Lo presencié esta semana en Barcelona. Un niño de unos ocho años se acercaba a un buzón de Correos cerca de la Vía Laietana.

La madre le gritaba: “¡Eso no es una basura!”. Hasta tres veces se lo dijo. Y el niño, perplejo, convencido de que por fin estaba haciendo lo que su madre quería, que era no tirar la basura al suelo, ponía una cara incrédula en la que se podía leer: “Y, si no es una basura esta cosa amarilla, ¿qué es?”

Un anacronismo para alguien de tu generación -pensaba yo- y para muchos jóvenes 15 años mayores que él, de esos que salen en las noticias cuando ponen el sello en la parte de atrás de la carta cuando, haciendo prácticas en una empresa, les piden hacer algo que no han hecho ni visto en su vida.

¿Con cuántos de estos anacronismos recibimos a los empleados más jóvenes en nuestras empresas? ¿Qué cosas experimentan durante el proceso de selección, o al incorporarse a sus trabajos, que no reconocen y con las que no se identifican? ¿Qué emoción les produce y cómo afecta a su motivación y compromiso?

Estamos ante un reto enorme: adaptar nuestra oferta de servicios y forma de trabajar a las diversas generaciones con las que interactuamos, sean clientes, empleados, o colaboradores.
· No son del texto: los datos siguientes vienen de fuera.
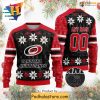 Carolina Hurricanes Sweater for Personalized Family Christmas Gifts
A todos ellos les debemos adaptabilidad, eficiencia y empatía.

El buzón seguirá en la calle mientras el sistema de comunicación postal sea útil a determinadas generaciones que tienen muy interiorizado enviar y recibir una carta para según qué cosas. Para unos el buzón es necesario; para otros es casi ofensivo: la forma perfecta de alienar y desmotivar a un empleado. El compromiso crece o se desploma por pequeños detalles.

El buzón es solo un ejemplo, como lo pueden ser las herramientas con las que trabajamos, los planes de desarrollo, los métodos de comunicación o la definición del puesto de trabajo. ¿Qué oportunidades de mejora se nos ocurren?